Task directions.
Below are lines of data; restate word for word those running from the line containing "Buy stock photo" to the line containing "Cute redhaired guy", inclusive, and no others.
Records to process START
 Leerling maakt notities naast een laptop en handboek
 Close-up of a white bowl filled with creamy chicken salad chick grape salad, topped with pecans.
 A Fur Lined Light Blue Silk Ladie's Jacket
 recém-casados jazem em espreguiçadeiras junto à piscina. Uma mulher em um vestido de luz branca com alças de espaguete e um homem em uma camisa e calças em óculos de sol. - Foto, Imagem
Records to process END
Records to process START
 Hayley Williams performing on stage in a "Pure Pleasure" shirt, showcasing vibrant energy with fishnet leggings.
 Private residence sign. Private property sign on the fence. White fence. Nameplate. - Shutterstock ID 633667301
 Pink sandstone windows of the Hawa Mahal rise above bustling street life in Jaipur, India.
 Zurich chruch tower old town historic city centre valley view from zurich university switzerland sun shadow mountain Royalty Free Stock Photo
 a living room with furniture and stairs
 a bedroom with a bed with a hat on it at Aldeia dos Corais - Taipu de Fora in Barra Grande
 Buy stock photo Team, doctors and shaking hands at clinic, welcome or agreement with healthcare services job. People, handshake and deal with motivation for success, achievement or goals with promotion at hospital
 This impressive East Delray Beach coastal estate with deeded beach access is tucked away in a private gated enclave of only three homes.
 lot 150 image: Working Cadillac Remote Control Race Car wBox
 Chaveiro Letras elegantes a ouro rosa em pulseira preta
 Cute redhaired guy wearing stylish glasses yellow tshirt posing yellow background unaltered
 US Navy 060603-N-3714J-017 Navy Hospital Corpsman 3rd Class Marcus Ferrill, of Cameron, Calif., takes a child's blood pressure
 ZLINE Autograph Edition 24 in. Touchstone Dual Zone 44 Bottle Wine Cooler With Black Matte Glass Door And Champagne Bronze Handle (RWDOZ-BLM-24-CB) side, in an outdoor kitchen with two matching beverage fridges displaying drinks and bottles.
Records to process END
Records to process START
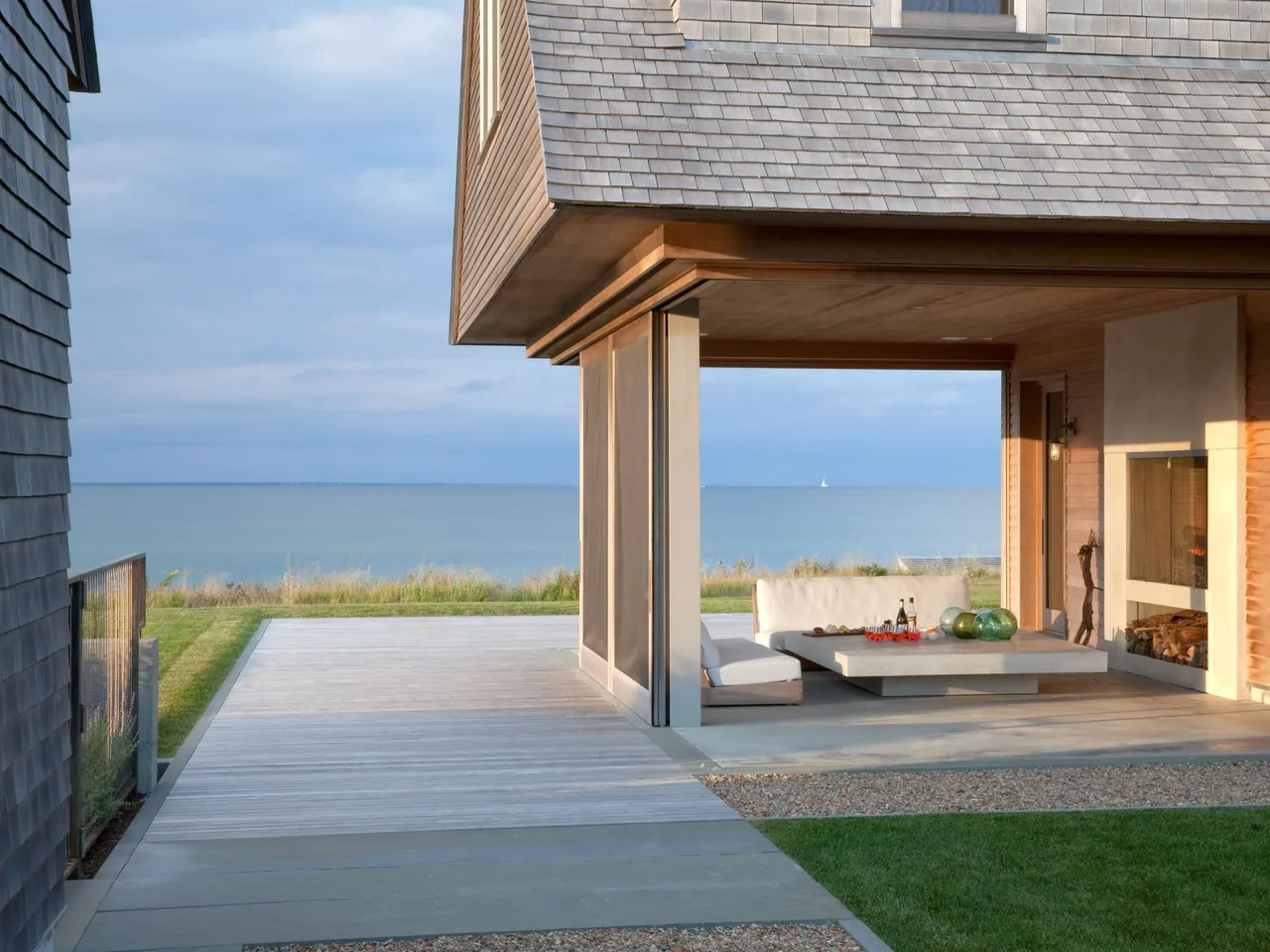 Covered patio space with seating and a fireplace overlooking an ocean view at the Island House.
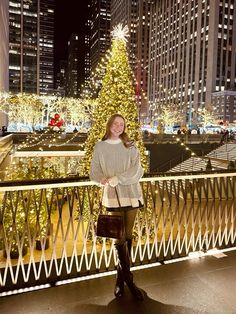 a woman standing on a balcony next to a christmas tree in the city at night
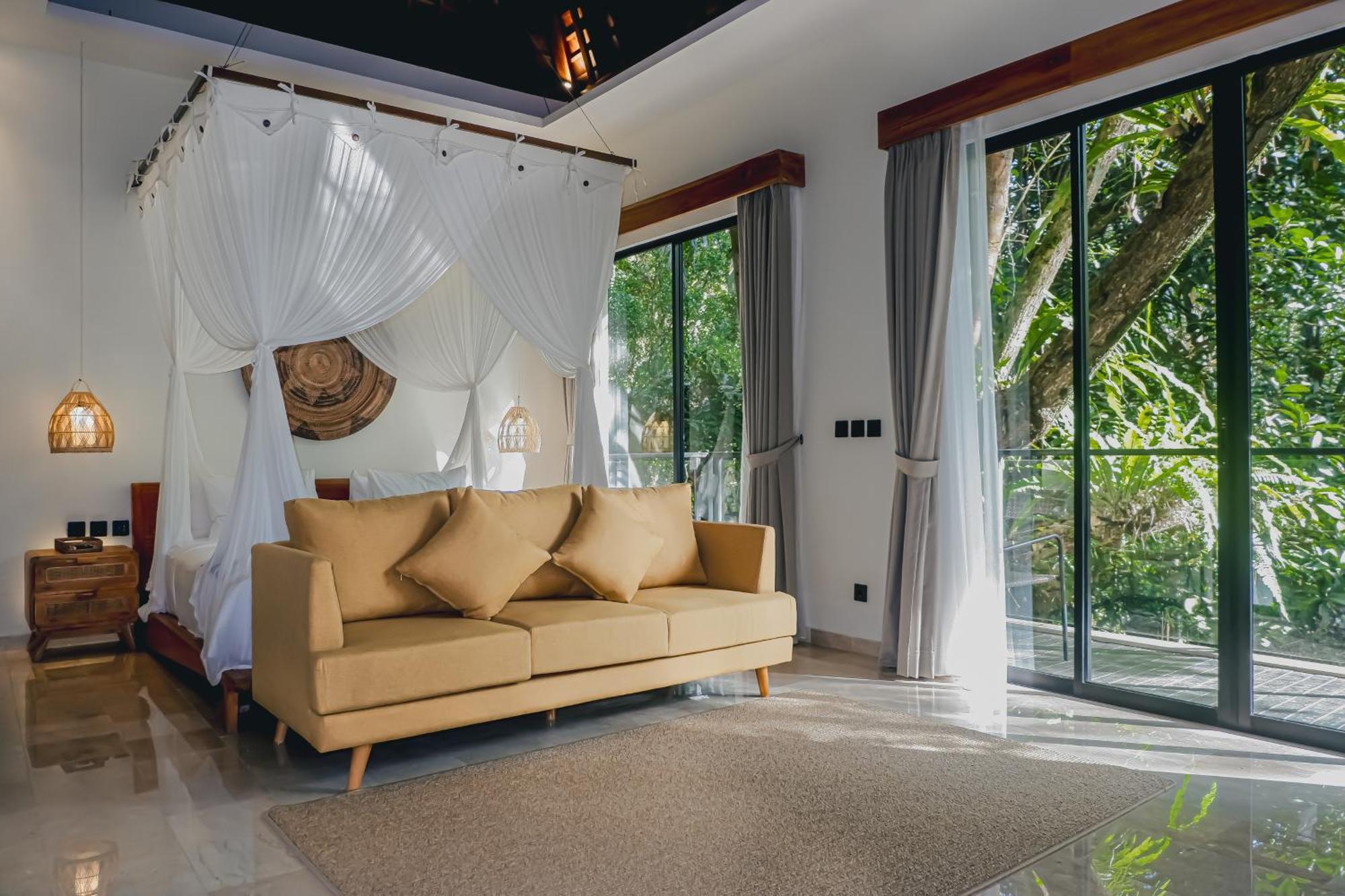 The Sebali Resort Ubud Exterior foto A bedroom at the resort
Records to process END
Response for this exercise.
 Buy stock photo Team, doctors and shaking hands at clinic, welcome or agreement with healthcare services job. People, handshake and deal with motivation for success, achievement or goals with promotion at hospital
 This impressive East Delray Beach coastal estate with deeded beach access is tucked away in a private gated enclave of only three homes.
 lot 150 image: Working Cadillac Remote Control Race Car wBox
 Chaveiro Letras elegantes a ouro rosa em pulseira preta
 Cute redhaired guy wearing stylish glasses yellow tshirt posing yellow background unaltered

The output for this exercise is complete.